* Required work
Among the lines of the listing below, retype exactly those from the one containing "Hey everyone, it's" through the one containing "What do you", both included. Do not include pictures.

* Source records
---
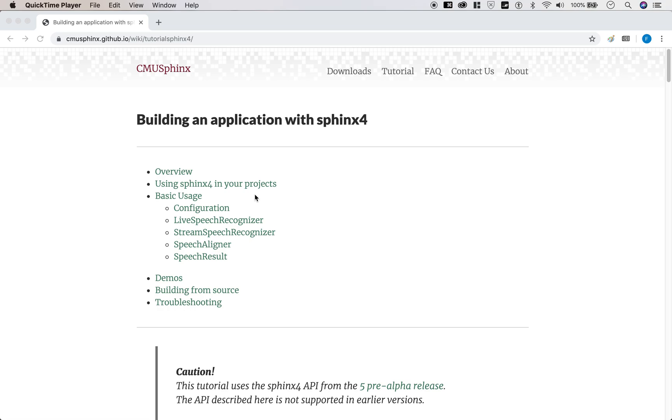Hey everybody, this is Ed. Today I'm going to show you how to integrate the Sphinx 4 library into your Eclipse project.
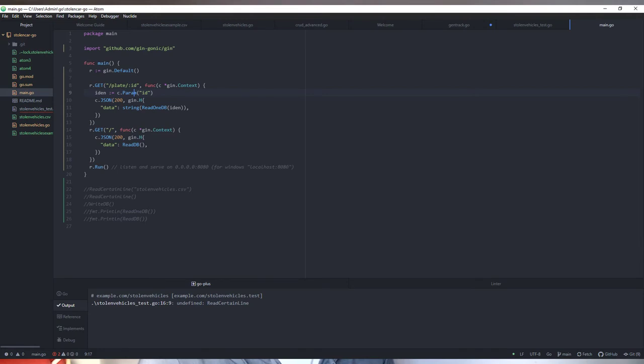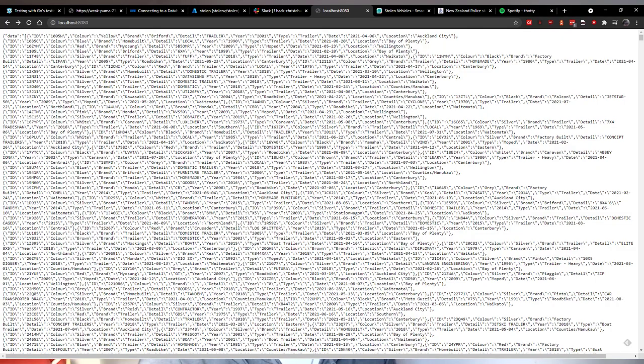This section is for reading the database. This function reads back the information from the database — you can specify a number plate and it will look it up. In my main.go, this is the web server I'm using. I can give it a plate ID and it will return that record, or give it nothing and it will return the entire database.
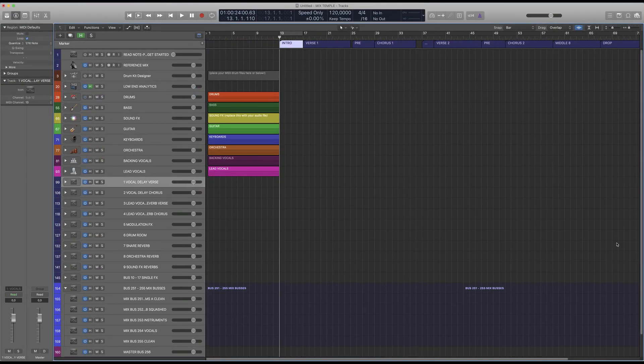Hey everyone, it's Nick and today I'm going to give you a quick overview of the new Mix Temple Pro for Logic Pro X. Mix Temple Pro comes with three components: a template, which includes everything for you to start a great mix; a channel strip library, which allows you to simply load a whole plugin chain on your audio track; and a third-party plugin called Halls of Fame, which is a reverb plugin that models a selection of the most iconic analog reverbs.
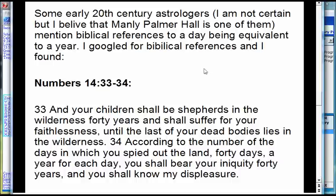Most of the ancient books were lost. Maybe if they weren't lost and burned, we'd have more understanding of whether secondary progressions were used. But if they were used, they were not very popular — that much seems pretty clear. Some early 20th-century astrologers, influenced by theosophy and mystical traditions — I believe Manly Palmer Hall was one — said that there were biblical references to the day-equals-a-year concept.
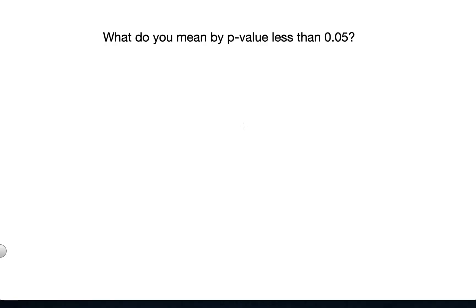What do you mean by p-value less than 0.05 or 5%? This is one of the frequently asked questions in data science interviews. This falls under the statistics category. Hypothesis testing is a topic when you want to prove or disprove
---
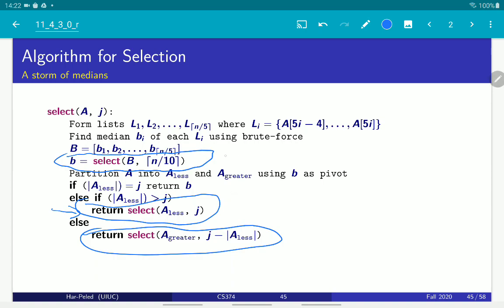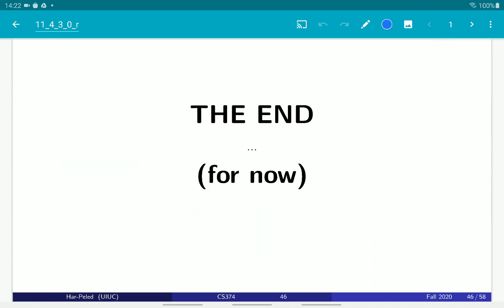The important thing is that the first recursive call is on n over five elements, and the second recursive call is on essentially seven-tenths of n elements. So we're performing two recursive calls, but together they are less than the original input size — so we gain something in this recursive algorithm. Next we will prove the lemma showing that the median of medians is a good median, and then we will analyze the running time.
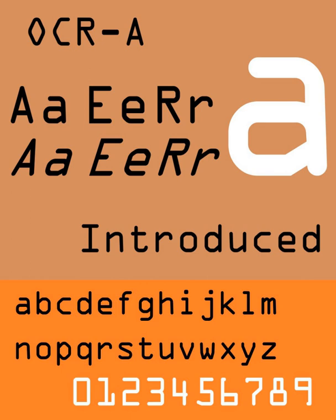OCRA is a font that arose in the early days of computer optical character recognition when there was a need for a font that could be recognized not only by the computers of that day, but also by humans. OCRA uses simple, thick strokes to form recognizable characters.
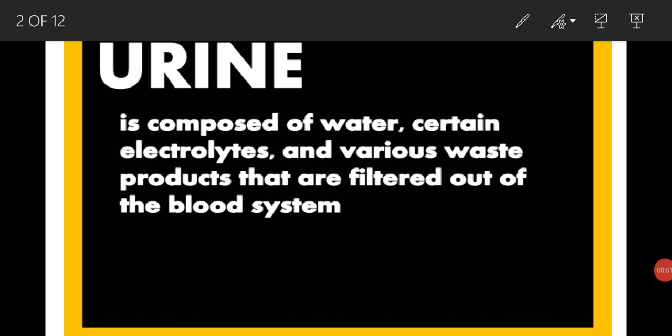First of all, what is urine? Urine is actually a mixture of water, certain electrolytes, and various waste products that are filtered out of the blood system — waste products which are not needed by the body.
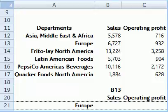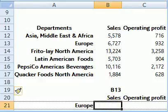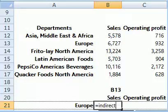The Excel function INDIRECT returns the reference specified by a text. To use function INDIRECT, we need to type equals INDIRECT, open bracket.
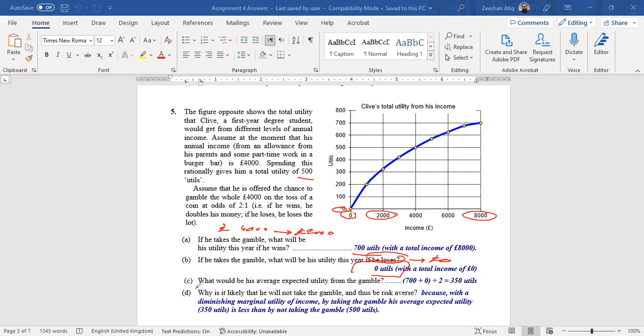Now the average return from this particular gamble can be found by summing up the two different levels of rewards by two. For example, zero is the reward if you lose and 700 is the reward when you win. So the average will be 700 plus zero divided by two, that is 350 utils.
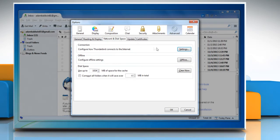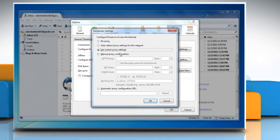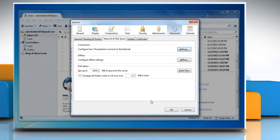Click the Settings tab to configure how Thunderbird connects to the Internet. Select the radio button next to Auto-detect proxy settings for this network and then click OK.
---
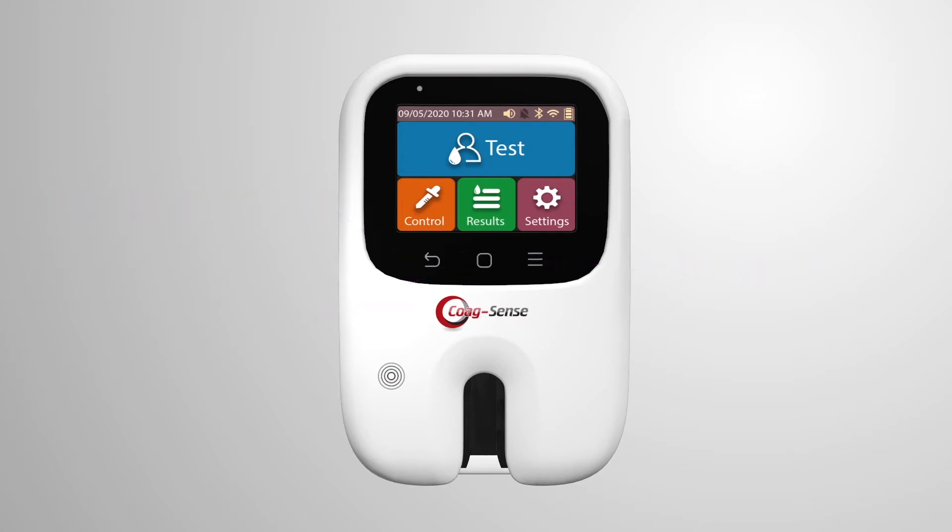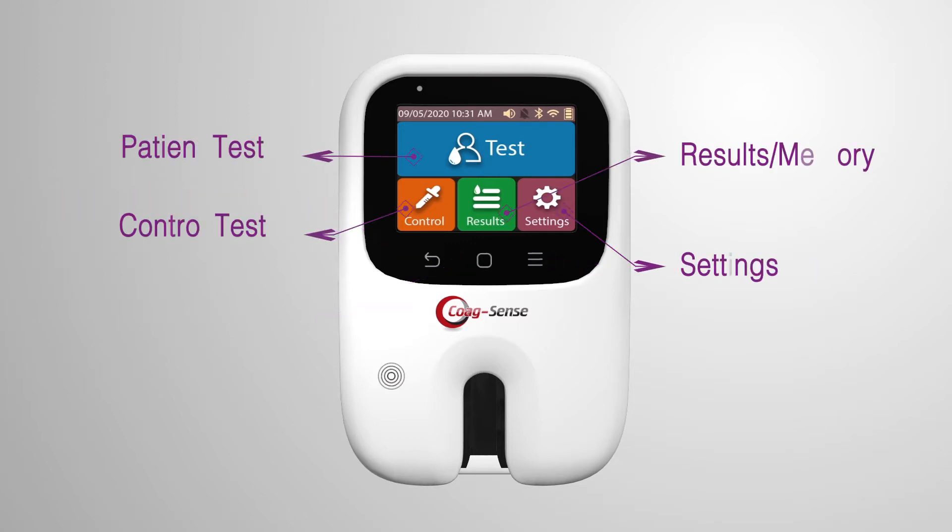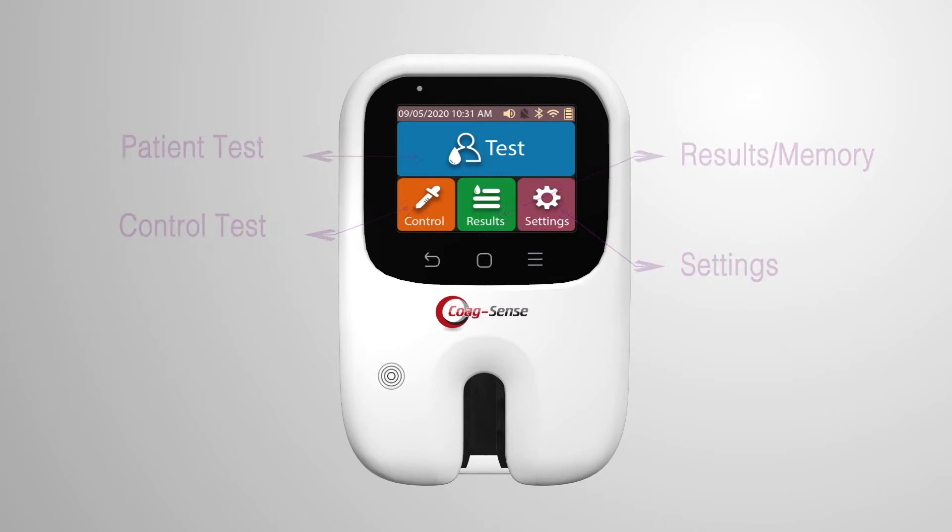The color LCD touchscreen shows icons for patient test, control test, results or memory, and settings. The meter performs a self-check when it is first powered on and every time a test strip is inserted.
---
* Answer for the task
Hey everyone, it's Nick and today I'm going to give you a quick overview of the new Mix Temple Pro for Logic Pro X. Mix Temple Pro comes with three components: a template, which includes everything for you to start a great mix; a channel strip library, which allows you to simply load a whole plugin chain on your audio track; and a third-party plugin called Halls of Fame, which is a reverb plugin that models a selection of the most iconic analog reverbs.
Most of the ancient books were lost. Maybe if they weren't lost and burned, we'd have more understanding of whether secondary progressions were used. But if they were used, they were not very popular — that much seems pretty clear. Some early 20th-century astrologers, influenced by theosophy and mystical traditions — I believe Manly Palmer Hall was one — said that there were biblical references to the day-equals-a-year concept.
What do you mean by p-value less than 0.05 or 5%? This is one of the frequently asked questions in data science interviews. This falls under the statistics category. Hypothesis testing is a topic when you want to prove or disprove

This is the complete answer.